WORK INSTRUCTIONS: Exact copies of the lines from the start of the records through the line with "Attrezzature mediche: EWOT" are what the answer must hold; pictures are not part of it.

EXTRACTED MATERIAL:

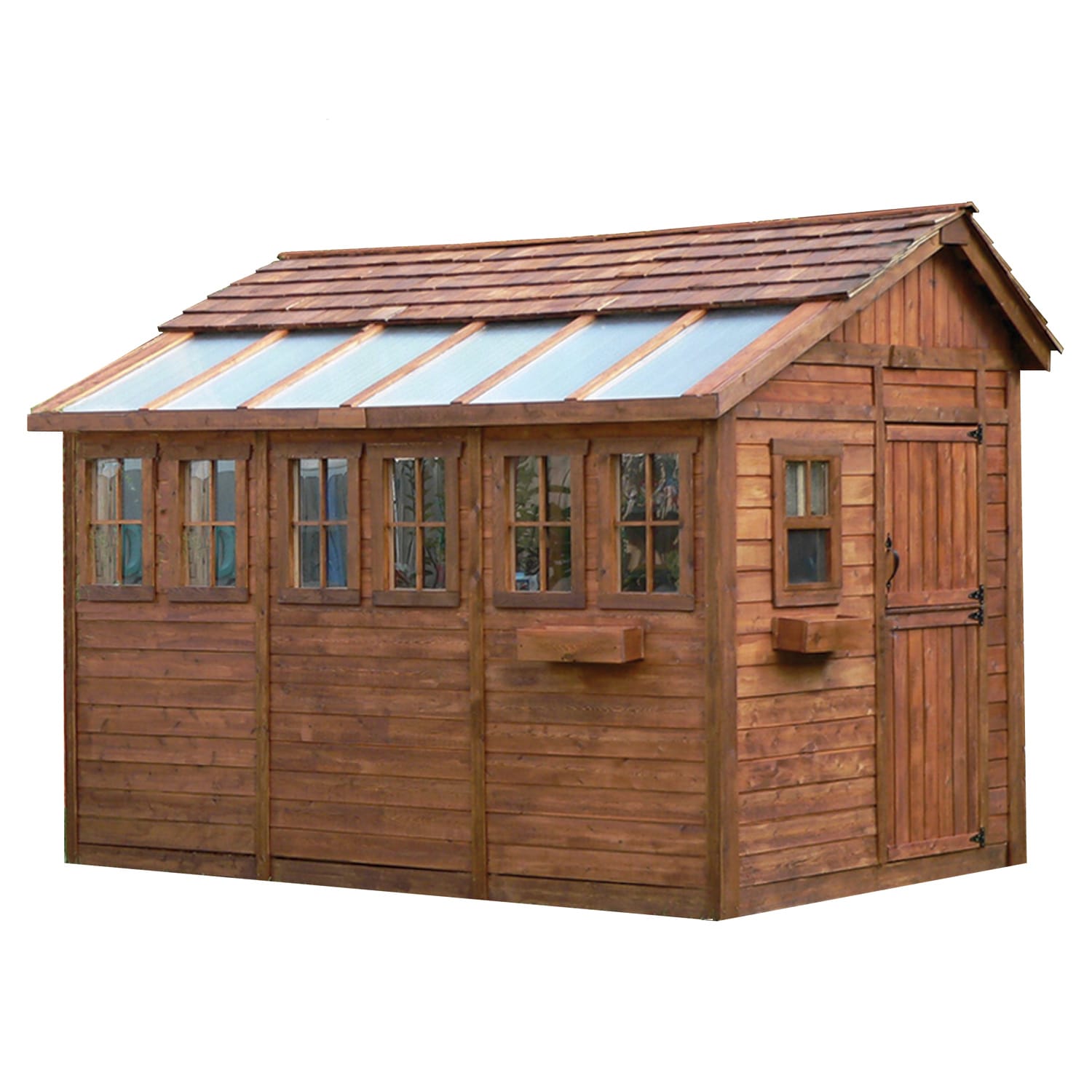  yard sheds at lowes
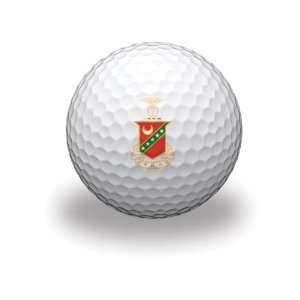  Kappa Sigma Golf Balls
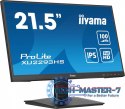 Monitor 21,5 cala XU2293HS-B6 IPS/HDMI/DP/SLIM/2x1W
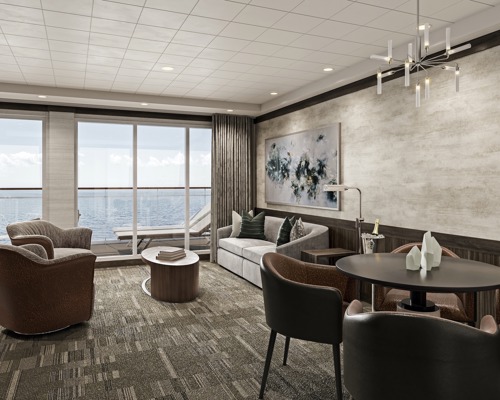 NCL Norwegian Epic The Haven Deluxe Owner's Suite with Large Balcony 3.jpeg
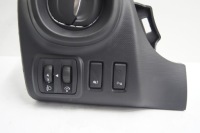 фото thumb №7, Решітка обдув ліва + права молдинг консолі talento long довгий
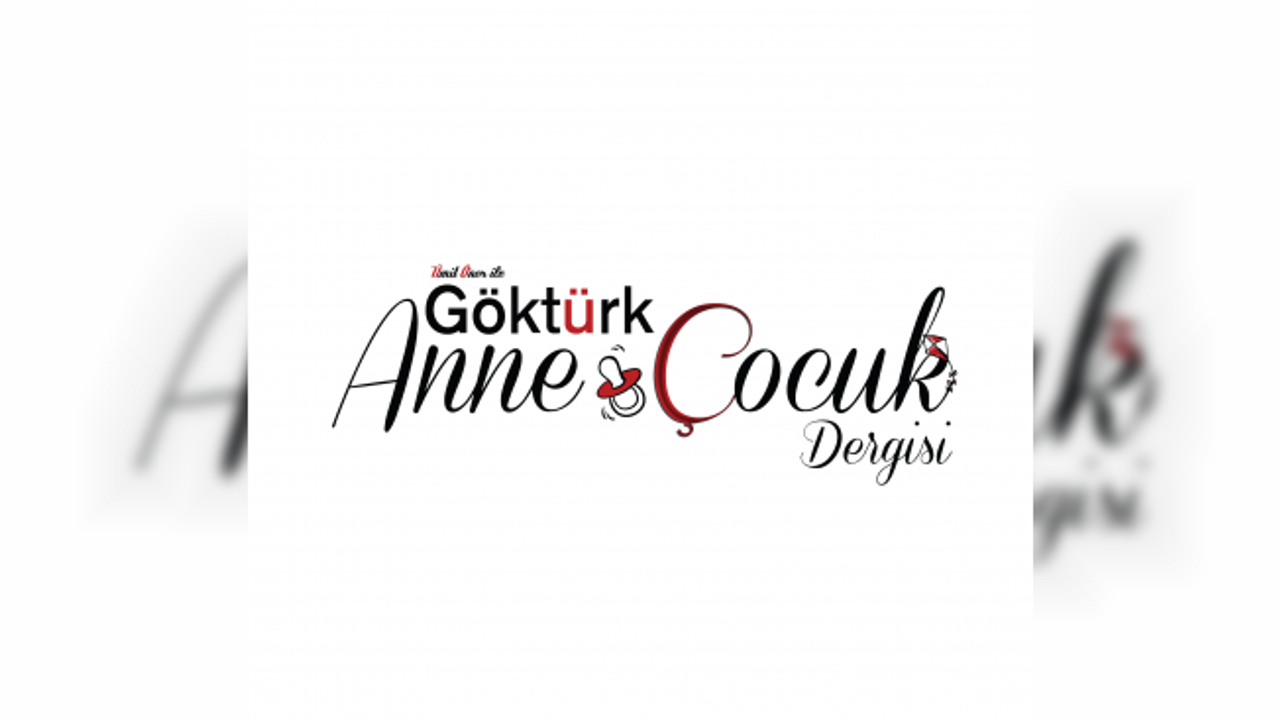 Anne Çocuk Dergisi Çok Yakında Sizlerle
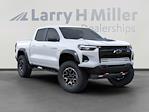 2025 Chevrolet Colorado Crew Cab 4WD Pickup for sale #QCH250439 - photo 1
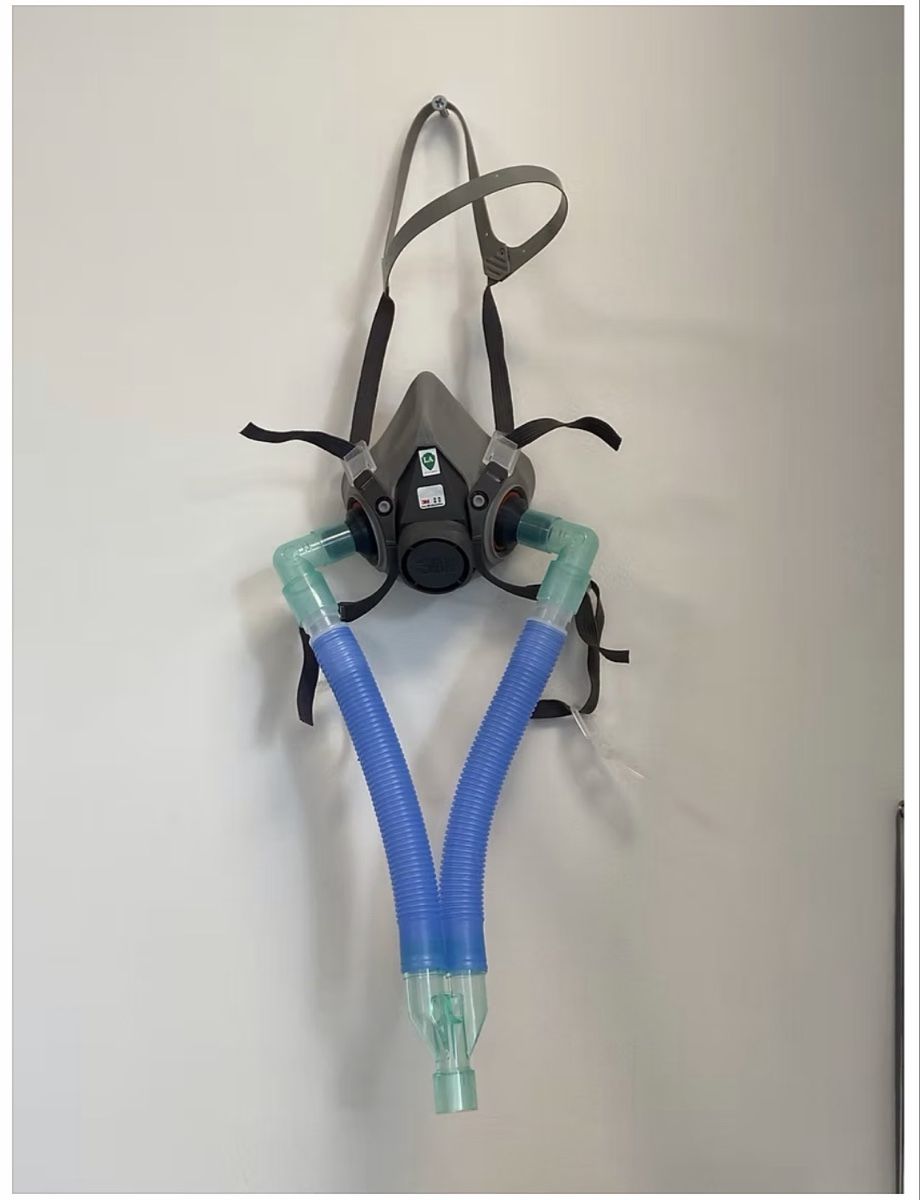 Attrezzature mediche: EWOT Multistep Oxygen Bag CE Approved Medical Device – Usato da Zürich venduto da lou_6xjl 1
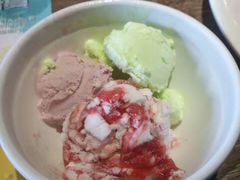 -好伦哥比萨烤肉自助(马家堡店)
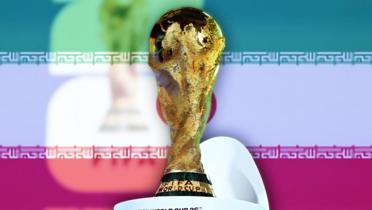 �ran resmen a��klad�! 2026 D�nya Kupas�'na kat�lmama karar�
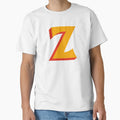 Zohran Mamdani Supporter T-Shirt - Graphic Print Unisex - T-Shirt, Sweatshirt, Hoodie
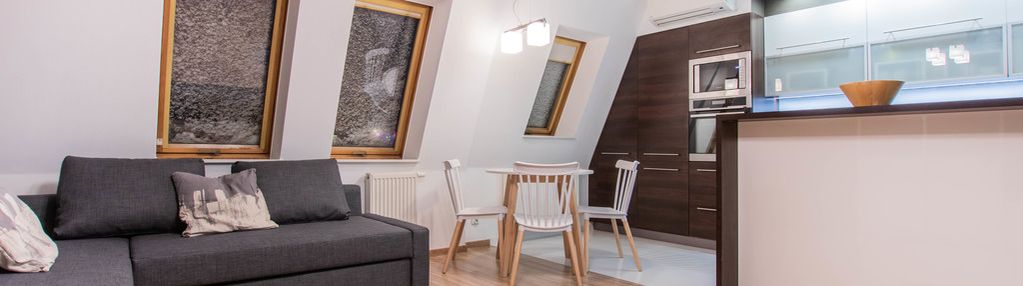 Dębniki | św. jacka | 55m2 | 3pok. | eng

WORKED SOLUTION:
  yard sheds at lowes
  Kappa Sigma Golf Balls
 Monitor 21,5 cala XU2293HS-B6 IPS/HDMI/DP/SLIM/2x1W
 NCL Norwegian Epic The Haven Deluxe Owner's Suite with Large Balcony 3.jpeg
 фото thumb №7, Решітка обдув ліва + права молдинг консолі talento long довгий
 Anne Çocuk Dergisi Çok Yakında Sizlerle
 2025 Chevrolet Colorado Crew Cab 4WD Pickup for sale #QCH250439 - photo 1
 Attrezzature mediche: EWOT Multistep Oxygen Bag CE Approved Medical Device – Usato da Zürich venduto da lou_6xjl 1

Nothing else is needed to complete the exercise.